You can see this for yourself by paying attention to your experience. For example:
If you decide you don’t like a certain kind of person—for example, someone who talks a lot, or someone of a particular race, religion or political leaning—what experience do you have when you meet someone of that type?
If you decide that certain behaviors are unacceptable—such as being drunk, swearing or talking loudly in public—what experience do you have when someone does that?
If you decide it shouldn’t be as hot or as cold as it is outside today, how do you experience today’s weather?
If you decide that it’s bad to eat certain foods, how do you experience yourself when you eat them?
It takes very little looking to realize there is a direct relationship between the decisions you’ve made in the past and the way you experience things now. What you see and experience now is the effect of your past decisions.
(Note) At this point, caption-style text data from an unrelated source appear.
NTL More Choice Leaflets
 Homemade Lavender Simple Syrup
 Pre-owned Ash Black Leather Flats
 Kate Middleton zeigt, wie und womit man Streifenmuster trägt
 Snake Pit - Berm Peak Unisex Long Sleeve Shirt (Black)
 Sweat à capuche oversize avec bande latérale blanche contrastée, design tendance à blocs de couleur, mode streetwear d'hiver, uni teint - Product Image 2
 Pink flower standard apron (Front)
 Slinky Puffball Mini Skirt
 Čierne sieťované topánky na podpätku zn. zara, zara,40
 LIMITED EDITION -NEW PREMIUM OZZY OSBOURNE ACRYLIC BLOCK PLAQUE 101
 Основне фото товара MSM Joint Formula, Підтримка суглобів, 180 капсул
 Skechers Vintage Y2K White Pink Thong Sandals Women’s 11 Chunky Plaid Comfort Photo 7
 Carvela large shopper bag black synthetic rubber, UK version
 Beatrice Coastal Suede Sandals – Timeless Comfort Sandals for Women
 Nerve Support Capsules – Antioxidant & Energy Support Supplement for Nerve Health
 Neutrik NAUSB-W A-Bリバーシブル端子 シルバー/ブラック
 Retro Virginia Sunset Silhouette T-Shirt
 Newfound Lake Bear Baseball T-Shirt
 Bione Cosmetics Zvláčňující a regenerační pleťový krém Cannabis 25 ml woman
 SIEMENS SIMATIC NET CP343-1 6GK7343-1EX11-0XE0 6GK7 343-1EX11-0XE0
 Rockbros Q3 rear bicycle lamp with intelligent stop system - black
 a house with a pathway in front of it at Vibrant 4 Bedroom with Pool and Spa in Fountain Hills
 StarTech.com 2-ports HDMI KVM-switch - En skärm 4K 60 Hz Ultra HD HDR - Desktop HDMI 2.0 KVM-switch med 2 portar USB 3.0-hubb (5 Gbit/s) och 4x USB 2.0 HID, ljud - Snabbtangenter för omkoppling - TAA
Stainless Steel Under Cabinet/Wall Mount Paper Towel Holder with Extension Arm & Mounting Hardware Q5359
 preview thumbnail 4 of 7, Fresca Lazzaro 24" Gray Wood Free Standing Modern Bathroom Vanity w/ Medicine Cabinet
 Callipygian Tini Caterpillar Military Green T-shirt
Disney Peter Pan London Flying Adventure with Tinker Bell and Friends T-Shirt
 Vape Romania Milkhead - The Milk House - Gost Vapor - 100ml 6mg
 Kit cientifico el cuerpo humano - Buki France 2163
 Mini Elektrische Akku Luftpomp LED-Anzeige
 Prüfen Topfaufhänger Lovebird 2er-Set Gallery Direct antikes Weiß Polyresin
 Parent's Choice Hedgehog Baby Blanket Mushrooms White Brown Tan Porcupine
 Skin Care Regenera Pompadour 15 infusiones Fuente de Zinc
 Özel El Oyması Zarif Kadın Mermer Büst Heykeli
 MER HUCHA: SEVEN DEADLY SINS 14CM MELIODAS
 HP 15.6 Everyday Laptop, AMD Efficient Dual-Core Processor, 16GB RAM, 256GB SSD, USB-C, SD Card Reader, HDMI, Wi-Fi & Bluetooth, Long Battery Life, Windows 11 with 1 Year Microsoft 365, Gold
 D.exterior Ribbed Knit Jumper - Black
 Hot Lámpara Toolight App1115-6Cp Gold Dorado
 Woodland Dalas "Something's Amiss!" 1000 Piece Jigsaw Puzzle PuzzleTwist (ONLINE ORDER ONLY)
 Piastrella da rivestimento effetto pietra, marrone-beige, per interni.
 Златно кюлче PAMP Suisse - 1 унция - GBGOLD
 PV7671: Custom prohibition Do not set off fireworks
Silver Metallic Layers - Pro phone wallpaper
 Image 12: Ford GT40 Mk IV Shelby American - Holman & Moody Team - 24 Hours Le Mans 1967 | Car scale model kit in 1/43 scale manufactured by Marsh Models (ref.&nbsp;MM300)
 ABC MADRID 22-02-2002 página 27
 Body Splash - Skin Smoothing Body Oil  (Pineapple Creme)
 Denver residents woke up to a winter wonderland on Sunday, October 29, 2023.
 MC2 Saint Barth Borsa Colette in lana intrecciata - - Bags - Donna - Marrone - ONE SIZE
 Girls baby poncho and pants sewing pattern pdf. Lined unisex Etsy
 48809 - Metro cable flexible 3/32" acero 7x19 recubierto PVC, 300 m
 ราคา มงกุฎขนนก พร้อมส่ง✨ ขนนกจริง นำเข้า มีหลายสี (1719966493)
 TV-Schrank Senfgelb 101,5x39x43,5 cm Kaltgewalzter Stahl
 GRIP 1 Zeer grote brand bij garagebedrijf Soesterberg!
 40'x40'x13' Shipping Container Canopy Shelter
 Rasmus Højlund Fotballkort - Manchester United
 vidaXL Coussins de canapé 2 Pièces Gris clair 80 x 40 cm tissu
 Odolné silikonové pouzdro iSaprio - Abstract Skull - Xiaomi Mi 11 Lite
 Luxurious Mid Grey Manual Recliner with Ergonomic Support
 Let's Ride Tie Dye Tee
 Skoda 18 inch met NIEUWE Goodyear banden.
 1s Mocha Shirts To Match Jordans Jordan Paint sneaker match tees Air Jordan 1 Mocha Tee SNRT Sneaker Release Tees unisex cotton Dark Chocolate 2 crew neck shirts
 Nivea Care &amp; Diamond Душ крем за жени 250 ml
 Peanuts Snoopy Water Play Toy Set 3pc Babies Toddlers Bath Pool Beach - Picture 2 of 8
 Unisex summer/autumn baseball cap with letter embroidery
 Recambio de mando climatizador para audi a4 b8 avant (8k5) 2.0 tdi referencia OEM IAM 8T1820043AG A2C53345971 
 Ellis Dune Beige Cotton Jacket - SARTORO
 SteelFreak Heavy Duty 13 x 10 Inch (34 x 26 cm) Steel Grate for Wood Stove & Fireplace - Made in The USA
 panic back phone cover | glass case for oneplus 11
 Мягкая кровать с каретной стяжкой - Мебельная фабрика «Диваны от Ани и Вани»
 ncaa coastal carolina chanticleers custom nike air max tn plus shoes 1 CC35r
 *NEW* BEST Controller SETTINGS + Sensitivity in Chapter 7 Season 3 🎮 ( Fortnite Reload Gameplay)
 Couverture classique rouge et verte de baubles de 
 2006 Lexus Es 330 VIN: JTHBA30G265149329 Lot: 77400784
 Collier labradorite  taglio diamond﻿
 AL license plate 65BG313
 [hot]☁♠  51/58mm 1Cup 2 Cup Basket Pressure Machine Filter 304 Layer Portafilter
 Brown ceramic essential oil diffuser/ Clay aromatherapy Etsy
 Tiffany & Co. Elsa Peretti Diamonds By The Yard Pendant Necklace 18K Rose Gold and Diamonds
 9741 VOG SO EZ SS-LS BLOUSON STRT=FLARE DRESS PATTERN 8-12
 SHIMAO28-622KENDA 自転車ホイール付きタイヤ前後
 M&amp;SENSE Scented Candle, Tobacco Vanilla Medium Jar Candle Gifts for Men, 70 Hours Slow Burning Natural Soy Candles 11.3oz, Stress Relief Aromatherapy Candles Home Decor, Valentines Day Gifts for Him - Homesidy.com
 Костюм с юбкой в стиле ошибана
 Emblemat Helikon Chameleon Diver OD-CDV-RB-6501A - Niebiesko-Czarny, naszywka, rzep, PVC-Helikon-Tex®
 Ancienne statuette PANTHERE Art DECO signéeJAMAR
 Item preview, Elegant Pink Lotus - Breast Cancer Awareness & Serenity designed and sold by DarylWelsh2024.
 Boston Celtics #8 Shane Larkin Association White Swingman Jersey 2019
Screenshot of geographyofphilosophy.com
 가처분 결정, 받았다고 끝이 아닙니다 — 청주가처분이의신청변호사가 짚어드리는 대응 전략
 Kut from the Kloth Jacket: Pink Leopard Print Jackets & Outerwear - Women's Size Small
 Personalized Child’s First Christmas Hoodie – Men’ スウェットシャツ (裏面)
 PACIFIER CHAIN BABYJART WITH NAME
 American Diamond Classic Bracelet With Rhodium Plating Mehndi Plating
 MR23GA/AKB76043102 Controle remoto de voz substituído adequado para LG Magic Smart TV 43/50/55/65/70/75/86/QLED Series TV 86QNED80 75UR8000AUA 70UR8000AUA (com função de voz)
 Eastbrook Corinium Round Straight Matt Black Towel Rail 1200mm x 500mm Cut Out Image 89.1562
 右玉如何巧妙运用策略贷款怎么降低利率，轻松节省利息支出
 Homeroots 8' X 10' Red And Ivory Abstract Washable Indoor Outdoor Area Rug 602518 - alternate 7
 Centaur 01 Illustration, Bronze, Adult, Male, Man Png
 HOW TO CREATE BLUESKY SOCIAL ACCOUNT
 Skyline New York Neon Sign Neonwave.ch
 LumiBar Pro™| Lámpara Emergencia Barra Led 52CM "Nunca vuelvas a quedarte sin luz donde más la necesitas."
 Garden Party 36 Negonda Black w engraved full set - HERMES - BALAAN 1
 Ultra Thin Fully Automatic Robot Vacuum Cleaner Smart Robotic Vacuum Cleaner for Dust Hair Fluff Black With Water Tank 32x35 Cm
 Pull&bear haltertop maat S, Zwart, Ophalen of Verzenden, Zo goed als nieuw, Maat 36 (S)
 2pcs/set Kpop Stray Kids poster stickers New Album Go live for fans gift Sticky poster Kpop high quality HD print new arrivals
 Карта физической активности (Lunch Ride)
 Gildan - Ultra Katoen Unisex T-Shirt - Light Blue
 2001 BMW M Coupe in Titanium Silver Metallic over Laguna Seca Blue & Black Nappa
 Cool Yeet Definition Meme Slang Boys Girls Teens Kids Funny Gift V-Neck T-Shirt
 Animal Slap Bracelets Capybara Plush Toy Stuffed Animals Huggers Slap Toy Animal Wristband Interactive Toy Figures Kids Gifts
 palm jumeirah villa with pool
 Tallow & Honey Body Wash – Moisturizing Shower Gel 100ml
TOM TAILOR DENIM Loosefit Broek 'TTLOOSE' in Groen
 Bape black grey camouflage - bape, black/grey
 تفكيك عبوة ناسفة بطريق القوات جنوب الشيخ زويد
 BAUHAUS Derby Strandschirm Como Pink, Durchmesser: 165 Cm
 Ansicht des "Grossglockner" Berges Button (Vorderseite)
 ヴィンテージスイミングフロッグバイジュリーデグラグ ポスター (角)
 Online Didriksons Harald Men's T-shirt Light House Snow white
Regina’s Tip for Lesson 10
Today’s workbook lessons says:
“’My thoughts do not mean anything,’ is applicable to all of the thoughts you become aware of, because those thoughts are not your real thoughts.”
NTI Luke 12 says:
“In every moment in your seeming interaction with the world, you are focused on thought. And because you see yourself as a separate entity within the world, you are focused on thoughts that seem to be generatedwithin the private mind that belongs to you.”
Both readings point to this:
You are not who you think you are, and the thoughts that speak to you as if you are this person, are illusions.
That is why your thoughts are meaningless. They appear to be self-centered, self-referencing thoughts, but the self they are centered on and referencing is not who you are.
Regina’s Tip for Lesson 11
The tip for lesson 1 defined mistaken perception as “perceiving and interpreting the world through a self-centered mental filter, known as the ego.”
Yesterday’s tip pointed out:
“You are not who you think you are, and the thoughts that speak to you as if you are this person, are illusions.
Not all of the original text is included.